YOUR TASK ▸
From the data below, return the exact lines starting at the line containing "Waters Edge Apartments — Photo 1" and ending at the line containing "Day Cab Tractor-Heavy", both included, and nothing else.

DATA TO PROCESS ▸
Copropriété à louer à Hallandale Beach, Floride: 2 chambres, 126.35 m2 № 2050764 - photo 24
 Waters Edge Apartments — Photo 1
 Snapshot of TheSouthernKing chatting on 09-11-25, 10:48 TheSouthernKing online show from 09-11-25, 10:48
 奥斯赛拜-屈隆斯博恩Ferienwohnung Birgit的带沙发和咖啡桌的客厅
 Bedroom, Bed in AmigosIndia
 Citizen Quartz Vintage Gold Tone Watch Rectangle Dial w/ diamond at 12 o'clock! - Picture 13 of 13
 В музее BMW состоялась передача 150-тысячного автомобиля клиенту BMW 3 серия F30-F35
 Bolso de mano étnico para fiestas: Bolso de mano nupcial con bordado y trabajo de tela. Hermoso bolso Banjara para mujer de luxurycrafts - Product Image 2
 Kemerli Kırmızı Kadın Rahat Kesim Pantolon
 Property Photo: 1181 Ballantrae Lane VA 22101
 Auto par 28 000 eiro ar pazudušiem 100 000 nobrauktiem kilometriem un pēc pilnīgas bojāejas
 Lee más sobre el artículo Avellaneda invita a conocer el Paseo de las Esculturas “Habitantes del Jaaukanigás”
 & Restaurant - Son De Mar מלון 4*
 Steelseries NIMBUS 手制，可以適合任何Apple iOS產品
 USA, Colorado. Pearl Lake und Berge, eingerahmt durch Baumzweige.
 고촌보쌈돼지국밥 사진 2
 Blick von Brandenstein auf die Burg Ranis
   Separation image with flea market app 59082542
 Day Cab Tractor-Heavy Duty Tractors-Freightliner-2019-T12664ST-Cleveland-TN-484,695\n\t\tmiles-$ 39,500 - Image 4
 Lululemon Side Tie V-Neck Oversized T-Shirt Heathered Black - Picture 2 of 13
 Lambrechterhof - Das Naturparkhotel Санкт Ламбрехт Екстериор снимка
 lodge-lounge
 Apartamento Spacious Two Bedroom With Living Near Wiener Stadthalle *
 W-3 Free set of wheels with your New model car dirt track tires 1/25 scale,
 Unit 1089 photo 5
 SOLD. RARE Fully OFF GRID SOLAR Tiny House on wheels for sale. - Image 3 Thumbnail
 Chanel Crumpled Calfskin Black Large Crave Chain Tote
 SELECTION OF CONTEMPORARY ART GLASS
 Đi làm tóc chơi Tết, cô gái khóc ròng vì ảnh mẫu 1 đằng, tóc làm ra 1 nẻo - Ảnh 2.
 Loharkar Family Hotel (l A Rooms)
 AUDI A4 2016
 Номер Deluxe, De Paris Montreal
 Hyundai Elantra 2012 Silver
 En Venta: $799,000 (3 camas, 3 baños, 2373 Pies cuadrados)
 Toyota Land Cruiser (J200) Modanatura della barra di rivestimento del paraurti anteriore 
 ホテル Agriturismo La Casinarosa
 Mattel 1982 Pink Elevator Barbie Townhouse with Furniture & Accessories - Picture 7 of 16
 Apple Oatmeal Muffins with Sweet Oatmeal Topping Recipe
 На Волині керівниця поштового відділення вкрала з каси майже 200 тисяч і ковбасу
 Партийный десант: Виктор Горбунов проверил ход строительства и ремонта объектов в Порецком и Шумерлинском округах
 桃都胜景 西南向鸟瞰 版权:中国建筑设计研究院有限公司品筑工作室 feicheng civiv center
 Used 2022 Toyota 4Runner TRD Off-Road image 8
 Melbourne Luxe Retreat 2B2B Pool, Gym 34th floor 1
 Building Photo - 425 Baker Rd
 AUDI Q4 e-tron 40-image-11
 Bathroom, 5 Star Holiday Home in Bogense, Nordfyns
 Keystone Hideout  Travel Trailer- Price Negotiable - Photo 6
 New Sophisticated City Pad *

WRITTEN ANSWER ▸
 Waters Edge Apartments — Photo 1
 Snapshot of TheSouthernKing chatting on 09-11-25, 10:48 TheSouthernKing online show from 09-11-25, 10:48
 奥斯赛拜-屈隆斯博恩Ferienwohnung Birgit的带沙发和咖啡桌的客厅
 Bedroom, Bed in AmigosIndia
 Citizen Quartz Vintage Gold Tone Watch Rectangle Dial w/ diamond at 12 o'clock! - Picture 13 of 13
 В музее BMW состоялась передача 150-тысячного автомобиля клиенту BMW 3 серия F30-F35
 Bolso de mano étnico para fiestas: Bolso de mano nupcial con bordado y trabajo de tela. Hermoso bolso Banjara para mujer de luxurycrafts - Product Image 2
 Kemerli Kırmızı Kadın Rahat Kesim Pantolon
 Property Photo: 1181 Ballantrae Lane VA 22101
 Auto par 28 000 eiro ar pazudušiem 100 000 nobrauktiem kilometriem un pēc pilnīgas bojāejas
 Lee más sobre el artículo Avellaneda invita a conocer el Paseo de las Esculturas “Habitantes del Jaaukanigás”
 & Restaurant - Son De Mar מלון 4*
 Steelseries NIMBUS 手制，可以適合任何Apple iOS產品
 USA, Colorado. Pearl Lake und Berge, eingerahmt durch Baumzweige.
 고촌보쌈돼지국밥 사진 2
 Blick von Brandenstein auf die Burg Ranis
   Separation image with flea market app 59082542
 Day Cab Tractor-Heavy Duty Tractors-Freightliner-2019-T12664ST-Cleveland-TN-484,695\n\t\tmiles-$ 39,500 - Image 4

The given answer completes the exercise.